Soruma karşılık alabildiğim tek cevap kısa bir sessizlik ve çekingen bir gülümseme olmuştu. Soruyu sorarken kalp atışlarımın basıncını kulaklarımda duyabiliyordum ve bu konu gerçekten de aklıma takılmıştı, o yüzden bir kez daha sordum.

"Ben miyim?"

Jung Hoseok kararsız bakışlarını oradan oraya çekerken hafifçe gülümsedi ve bana baktı.

"Sanırım bir yanlış anlaşılma var Taehyung..."

Kaşlarımı çattım, ne demek istediğini anlamamıştım.

"Jurina'nın ikimizi gördüğü doğru ama onun aks ettiği şekilde değil tabii ki. Sen çok sarhoştun ve seni ayakta tutabilmek için tüm kuvvetimle sana tutunmuştum. Kendisi bu görüntüyü çok farklı anlayıp olayları bu noktaya getirmiş olmalı..."

Sesinde beni rahatsız eden bir ton vardı, ona böyle bir soru sorduğum için epey utanmıştım. Üstelik içimi saran hayal kırıklığı duygusu da utancıma ek olarak kalbime yük olmuştu. Daha sonra Jung Hoseok birkaç saniye daha sessiz kaldıktan sonra yanıma gelip omzuma hafifçe vurdu.

"Endişelenecek bir şey olmadı."

Endişelenilecek bir şey olması için ne olmuş olması gerekirdi ki? Bana dokunması veya bana sarılması, bunlar onun için endişelenecek şeyler olmalıydı. O, hızlı adımlarla aşağı kata ilerlerken nedense içimi kaplayan ağırlık duygusu bir süre daha orada dikelmeme sebep olmuştu. Kendimden beklemediğim bir hayal kırıklığı yüzünden aşağı çekiliyordum.

Diğer sabah kendimi sürükler gibi mutfağa adımlarken Namjoon hyung'un çoktan uyandığını ve kendine bir kahve pişirdiğini gördüm.

"Günaydın hyung, bugün erkencisin!"
"Evet, bugün önemli bir görüşmem var! Sana geçen bahsettiğim yapımcı bu hafta Seul'da kalacakmış ona bestelerimi dinletmek için bugün randevu ayarladım."
"Sen ciddi misin? Nasıl başardın bunu? Şu Daegu'lu adam yardım etmiş olmalı."
"Adamın adı Yoongi, bu konuda cidden başarılı ona güveniyorum."
"Umarım güvenini boşa çıkarmaz hyung..."

Namjoon keyifle kahvesinden yudum alırken üstü başı dağılmış olan bana uzun bir bakış attı.
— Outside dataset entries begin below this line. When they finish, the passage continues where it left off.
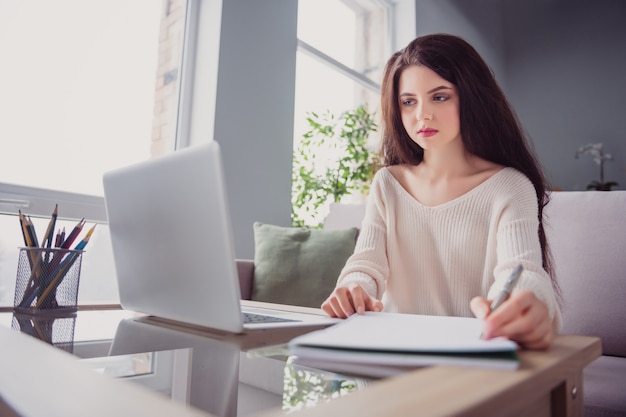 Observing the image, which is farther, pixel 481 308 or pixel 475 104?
pixel 475 104

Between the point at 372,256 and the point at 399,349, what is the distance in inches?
27.6

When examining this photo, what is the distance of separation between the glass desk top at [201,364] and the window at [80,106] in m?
1.24

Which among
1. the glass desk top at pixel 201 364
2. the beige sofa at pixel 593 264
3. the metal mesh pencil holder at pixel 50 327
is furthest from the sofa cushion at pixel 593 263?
the metal mesh pencil holder at pixel 50 327

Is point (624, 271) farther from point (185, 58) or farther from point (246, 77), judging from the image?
point (185, 58)

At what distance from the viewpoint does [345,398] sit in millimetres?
297

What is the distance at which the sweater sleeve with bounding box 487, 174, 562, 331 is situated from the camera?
686 mm

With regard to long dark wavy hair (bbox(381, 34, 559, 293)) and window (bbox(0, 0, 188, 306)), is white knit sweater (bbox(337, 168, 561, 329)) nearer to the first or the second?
long dark wavy hair (bbox(381, 34, 559, 293))

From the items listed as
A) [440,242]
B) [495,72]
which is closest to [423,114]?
[440,242]

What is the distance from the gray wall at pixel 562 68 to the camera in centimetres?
451

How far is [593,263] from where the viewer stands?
4.27ft

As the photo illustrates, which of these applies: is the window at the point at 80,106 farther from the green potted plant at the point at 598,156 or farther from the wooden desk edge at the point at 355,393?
the green potted plant at the point at 598,156

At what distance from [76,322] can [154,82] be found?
5.77 feet

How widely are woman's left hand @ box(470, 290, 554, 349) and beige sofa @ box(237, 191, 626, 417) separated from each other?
0.83 metres

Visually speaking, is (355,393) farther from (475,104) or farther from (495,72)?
(495,72) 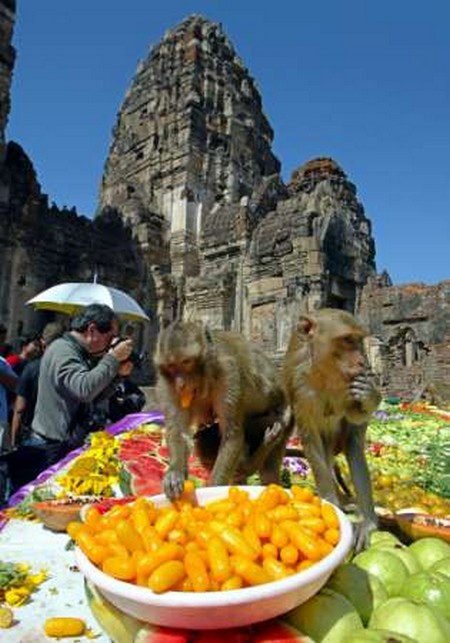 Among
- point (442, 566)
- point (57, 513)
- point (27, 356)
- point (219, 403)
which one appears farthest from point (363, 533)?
point (27, 356)

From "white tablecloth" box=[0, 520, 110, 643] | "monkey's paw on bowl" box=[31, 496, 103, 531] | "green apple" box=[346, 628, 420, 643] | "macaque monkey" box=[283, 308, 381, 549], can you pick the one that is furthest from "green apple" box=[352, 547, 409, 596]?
"monkey's paw on bowl" box=[31, 496, 103, 531]

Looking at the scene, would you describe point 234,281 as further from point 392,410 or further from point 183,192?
point 392,410

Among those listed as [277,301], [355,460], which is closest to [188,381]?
[355,460]

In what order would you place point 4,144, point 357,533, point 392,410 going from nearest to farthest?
point 357,533 → point 392,410 → point 4,144

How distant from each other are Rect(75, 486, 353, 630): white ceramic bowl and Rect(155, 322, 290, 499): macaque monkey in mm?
803

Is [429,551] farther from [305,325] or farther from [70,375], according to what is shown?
[70,375]

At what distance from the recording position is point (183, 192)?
21.7 m

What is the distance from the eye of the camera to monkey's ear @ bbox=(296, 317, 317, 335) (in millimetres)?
2834

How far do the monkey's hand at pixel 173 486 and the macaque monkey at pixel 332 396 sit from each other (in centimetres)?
72

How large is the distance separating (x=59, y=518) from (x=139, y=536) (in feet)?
4.07

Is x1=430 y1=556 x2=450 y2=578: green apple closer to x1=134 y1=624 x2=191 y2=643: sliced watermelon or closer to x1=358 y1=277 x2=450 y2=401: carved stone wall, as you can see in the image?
x1=134 y1=624 x2=191 y2=643: sliced watermelon

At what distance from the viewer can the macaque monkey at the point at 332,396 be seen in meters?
2.56

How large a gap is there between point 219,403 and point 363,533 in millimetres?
953

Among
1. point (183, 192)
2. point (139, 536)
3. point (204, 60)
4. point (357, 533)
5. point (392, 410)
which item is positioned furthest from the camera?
point (204, 60) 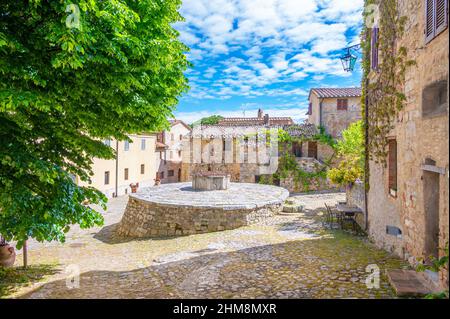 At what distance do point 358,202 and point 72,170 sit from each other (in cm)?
1105

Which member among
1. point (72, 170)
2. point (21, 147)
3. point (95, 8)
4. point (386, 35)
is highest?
point (386, 35)

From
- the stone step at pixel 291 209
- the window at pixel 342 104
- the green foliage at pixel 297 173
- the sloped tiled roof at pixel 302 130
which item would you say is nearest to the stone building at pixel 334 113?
the window at pixel 342 104

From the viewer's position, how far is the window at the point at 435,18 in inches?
199

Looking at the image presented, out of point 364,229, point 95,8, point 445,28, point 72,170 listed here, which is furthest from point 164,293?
point 364,229

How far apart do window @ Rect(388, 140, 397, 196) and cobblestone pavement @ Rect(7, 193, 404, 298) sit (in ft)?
6.25

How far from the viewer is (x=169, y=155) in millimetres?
40531

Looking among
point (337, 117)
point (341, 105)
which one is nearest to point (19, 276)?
point (337, 117)

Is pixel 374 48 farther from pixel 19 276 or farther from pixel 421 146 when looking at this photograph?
pixel 19 276

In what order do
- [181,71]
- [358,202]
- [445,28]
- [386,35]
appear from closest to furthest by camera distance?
[445,28] < [181,71] < [386,35] < [358,202]

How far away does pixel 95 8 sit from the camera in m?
5.17

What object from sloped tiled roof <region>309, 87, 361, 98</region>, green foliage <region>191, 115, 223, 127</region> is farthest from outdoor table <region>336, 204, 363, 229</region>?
green foliage <region>191, 115, 223, 127</region>

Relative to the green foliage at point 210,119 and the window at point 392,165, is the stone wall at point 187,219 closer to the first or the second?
the window at point 392,165

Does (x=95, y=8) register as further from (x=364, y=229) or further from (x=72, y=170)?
(x=364, y=229)

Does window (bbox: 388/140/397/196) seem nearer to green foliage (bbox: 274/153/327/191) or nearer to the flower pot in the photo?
the flower pot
"Sen işe gitmiyor musun bugün?"
"Pek canım istemiyor..."
"Bir şey mi oldu?"

Omuz silktim, bu konuda konuşmak istemiyordum. Jung Hoseok'un beni evime sürüklediği akşamın sabahı Namjoon hyung'u yanı başımda uyurken bulmuştum. Dediğine göre çok içtiğimden dolayı tüm gece evde oraya buraya kusmuş ve Namjoon hyung'u epey endişelendirmiştim. Hayatında ilk kez alkol almış ergenler gibi davranmış ve epey kötü duruma düşmüştüm. Geceye dair anılarımı az çok hatırladığım için iç çekerek yüzümü yere eğdim.

"Yoksa Jung Hoseok sana güzel bir azar mı çekti?"
"Aksine, hiçbir şey demedi."
"O adamdan boşuna korkuyorsun bence. Sen ondan bahsederken öyle sert ve burnu havada birini anlatmışsın ki adamı kapıda görünce o olduğuna asla inanamadım."
"Jung Hoseok tam da anlattığım gibi biri ama!"
"En azından seni sokağa atmak yerine evine kadar getirme inceliğini gösterdi, ona karşı biraz daha minnettar olamaz mısın?"

Namjoon hyung haklıydı, boşuna sinirleniyordum. Hem Jung Hoseok'a duyduğum bu kızgınlığın mantıklı bir sebebi de yoktu, bana karşı herhangi bir kötülüğü olmamıştı.

"Hem tüm gece onun ismini sayıkladın, o yüzden ondan nefret ettiğine beni inandıramazsın!"
"Hyung, lütfen artık konuşmayalım bu konuyu!"